Preferably, a frequency is used at which the nip-forming element still performs a rigid body movement. In the case of rollers, at higher frequencies there is the risk that individual vibration nodes are formed across the machine width at the corresponding roller. In the area of the vibration nodes, a reliable grinding movement and thus a desired material removal will not be possible with the required reliability. In a rigid body movement, however, the additionally eingepulste torque leads to a slightly higher overall wear at a significantly extended roller life.
Preferably, the oscillatory motion is generated before a barring pattern on the nip-forming element reaches a depth of 5 μm. Even with smaller barring patterns with a depth of 1 to 2 microns on the surface of the nip-forming element shows a significant noise on the calender. When the barring pattern is impressed with more than 10 to 20 microns in the elastic cover of a roll, then the barring strips are detectable in the web.
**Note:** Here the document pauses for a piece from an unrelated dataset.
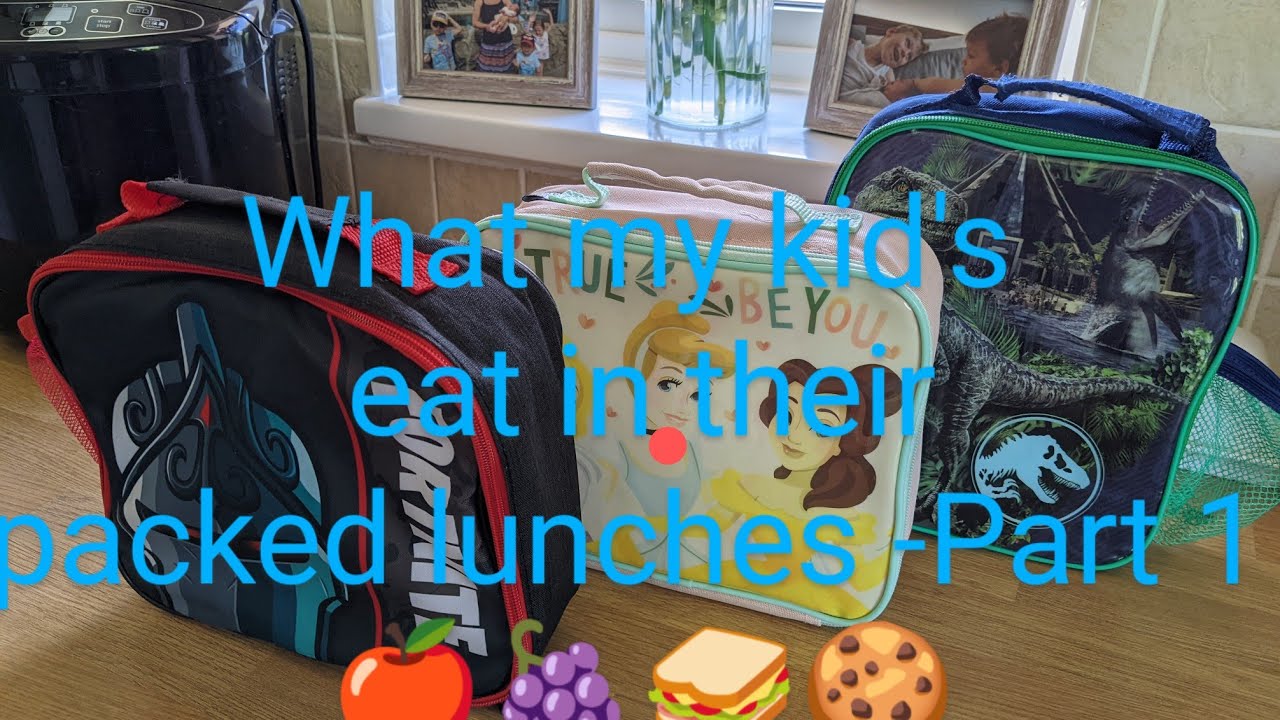 What my children eat in a week - Packed lunches for school, Part 1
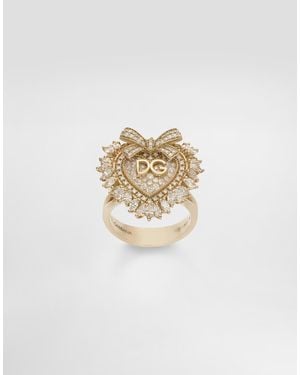 Dolce & Gabbana Devotion Ring 18 Carat And Diamonds - Blanco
If, on the other hand, you intervene relatively early and reduce or remove the barring pattern due to machine-wide grinding, then you can significantly increase the service life of the nip-forming elements. If you have to grind a barring pattern on the nip-forming element to a depth of 1 to 2 μm, then you do not need too much time to perform this sanding process. The material removal is correspondingly low, which has a positive effect on the life of the roller or another nip-forming element.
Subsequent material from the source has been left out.